I hate Detroit... they're like the Wizards--they get every call and still cry about every one they don't.


----------



## mizenkay (Dec 29, 2003)

skiles postgame quote (from shinky OTOB):

*"They complain about every call, all game long. It's what they do. And they are having a great season doing it" *


----------



## Frankensteiner (Dec 29, 2004)

mizenkay said:


> skiles postgame quote (from shinky OTOB):
> 
> *"They complain about every call, all game long. It's what they do. And they are having a great season doing it" *


I believe the full quote was "They _literally_ complain about every call..." 

Thought I'd point that out since you weren't paraphrasing.


----------



## SALO (Jun 6, 2002)

BCH said:


> I saw the end of the game and the part where Rip got tossed reminded me of his days with the Wizards playing against the Bulls. That first season when MJ came back and Rip played with him, I believe was the beginning of something between him and the Bulls for whatever reason. Back in those days Rip hated being mentioned as a sidekick to Jordan as well. Good times that the Bulls can get into his head like that.


Where the heck have you been? Welcome back. 

:boxing:


----------



## Frankensteiner (Dec 29, 2004)

Sad part about this game:

Antonio McDyess 8-10, 16 pts (6.9 avg)

Maurice Evans 5-8, 15 pts (5.4 avg)

Luol Deng 1-9, 6 pts

:sad:


----------



## char_renee (Dec 17, 2005)

detroit got 5 techs called against them and you cry baby's are blaming and saying detroit complains about calls. i guess that explains why your how many games under .500?i guess thats the pistons fault huh?edit know nothing about basketball!just feel grateful the refs bailed ya team out from being humilated at home and made the game closer then it actually shoulda been.


----------



## giantkiller7 (Feb 9, 2006)

char_renee said:


> detroit got 5 techs called against them and you cry baby's are blaming and saying detroit complains about calls. i guess that explains why your how many games under .500?i guess thats the pistons fault huh? edit know nothing about basketball!just feel grateful the refs bailed ya team out from being humilated at home and made the game closer then it actually shoulda been.


Richard Hamilton is a member of our boards guys!!!!

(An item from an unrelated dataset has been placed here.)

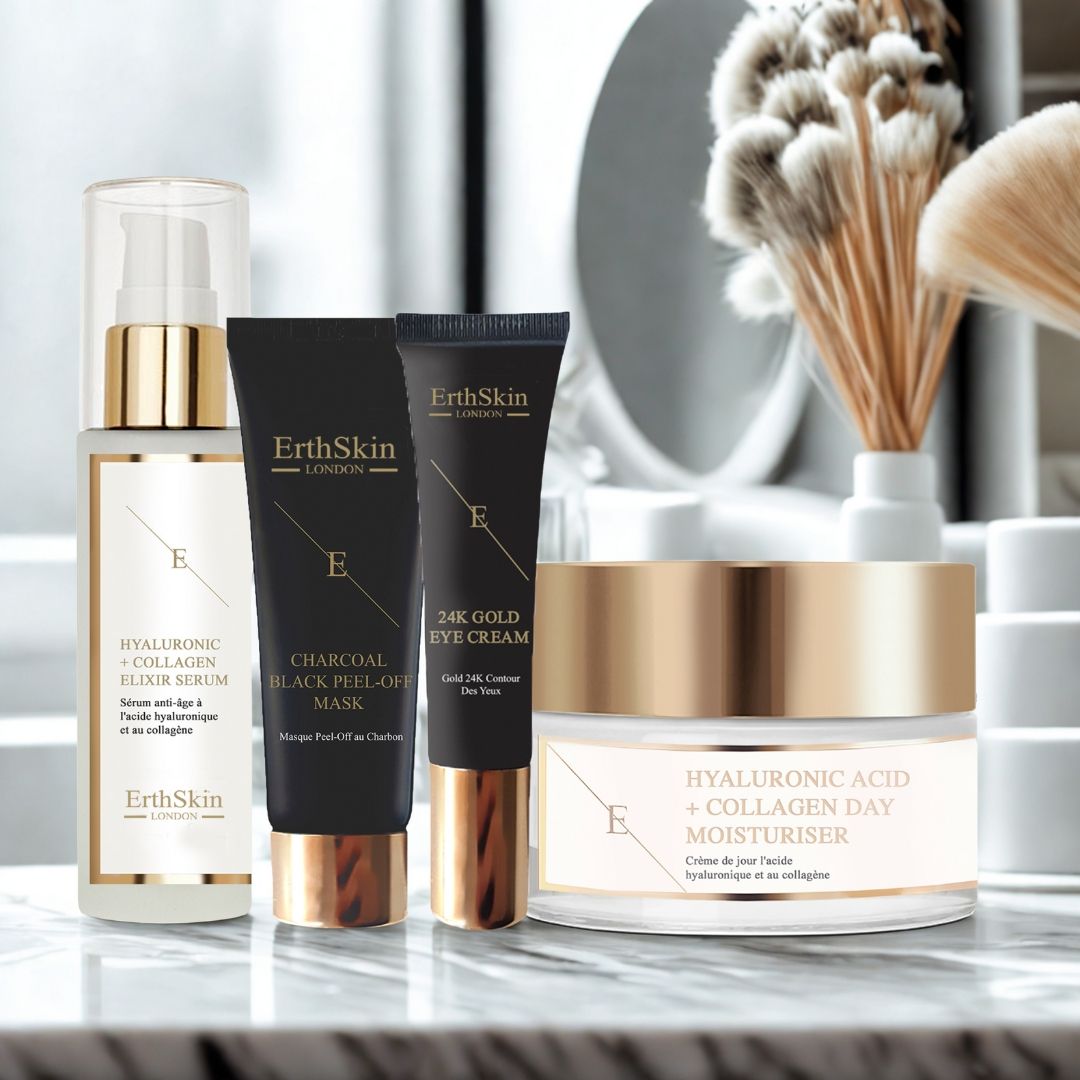 Prodotti cosmetici: siero, maschera, crema occhi e crema giorno. Confezioni nere e oro. Testo: ErthSkin London. Su marmo.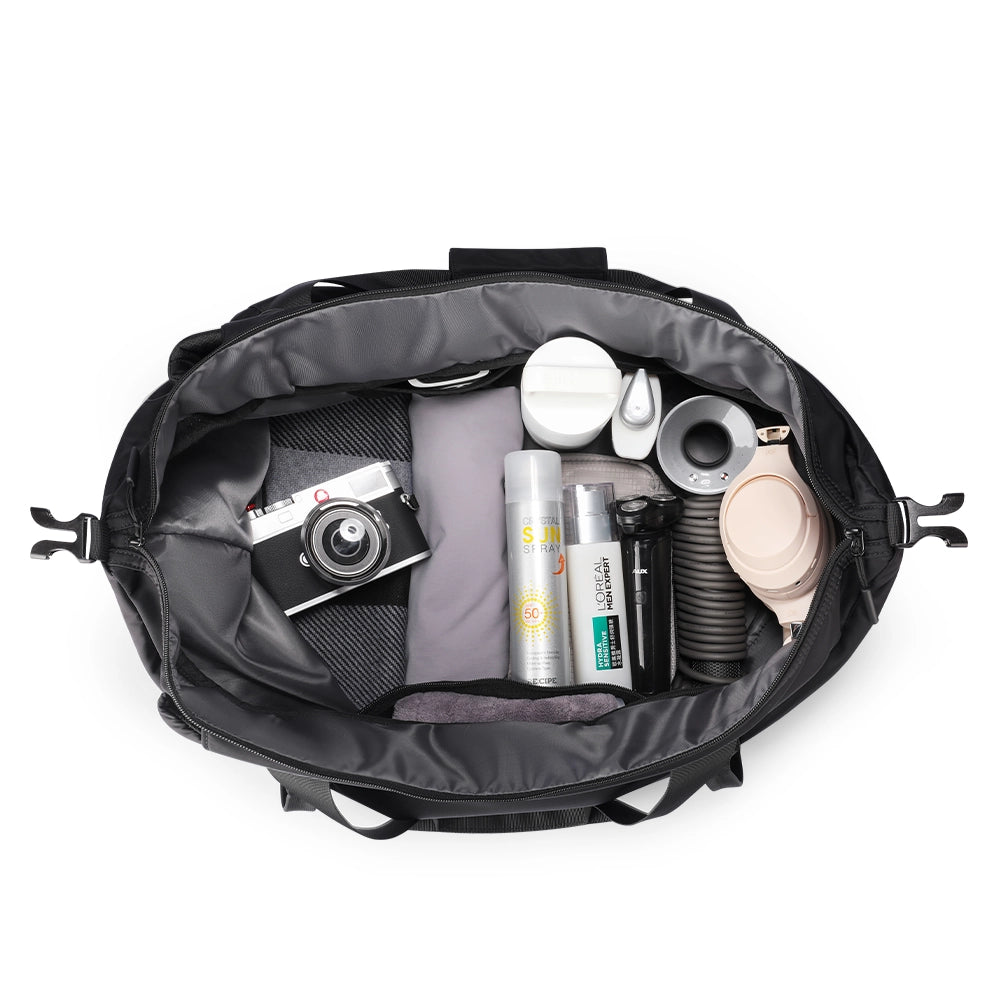 MarkRyden NomadFlex waterproof 3-in-1 gym bag holding camera & toiletries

embodying the spirit of the team?

how ironic is it when a Detroit fan cries about not getting calls... lmao, I can't believe what I'm reading here.

Anyway, back to reasons why I hate the Pistons...

oh yeah--their fans...

it's quoted now so it ain't going away


----------



## bullsville (Jan 23, 2005)

k4e, why weren't you at the game?


----------



## BullSoxChicagosFinest (Oct 22, 2005)

char_renee said:


> detroit got 5 techs called against them and you cry baby's are blaming and saying detroit complains about calls. i guess that explains why your how many games under .500?i guess thats the pistons fault huh?edit know nothing about basketball!just feel grateful the refs bailed ya team out from being humilated at home and made the game closer then it actually shoulda been.


Don't you have a brawl to go participate in

At the very end, the Bulls were going to the basket and getting hit hard every game and got no call. I won't go as far as Dore but it is ridiculous. Then again, Detroit's history is playing dirty, getting calls, and still crying throughout the whole damn game. Oh well, I have a feeling they'll hit a wall (too many minutes), but whatever.

Also, I hope Tyson or someone knocks Rip down the next time they meet, back up your captain.


----------



## Brian. (Jul 11, 2002)

giantkiller7 said:


> Richard Hamilton is a member of our boards guys!!!!
> 
> embodying the spirit of the team?
> 
> ...


how ironic is it when bulls fans complain about officiating when the league changed the rules for jordan.


----------



## kukoc4ever (Nov 20, 2002)

bullsville said:


> k4e, why weren't you at the game?


Someone else had my tix.

I could have gone at the last minute w/ a friend, but I have an assignment due tomorrow that I have to work on.


----------



## bullsville (Jan 23, 2005)

The Pistons have committed the fewest fouls in the NBA this season. 

EDIT: The Pistons have been whistled for the fewest fouls in the NBA.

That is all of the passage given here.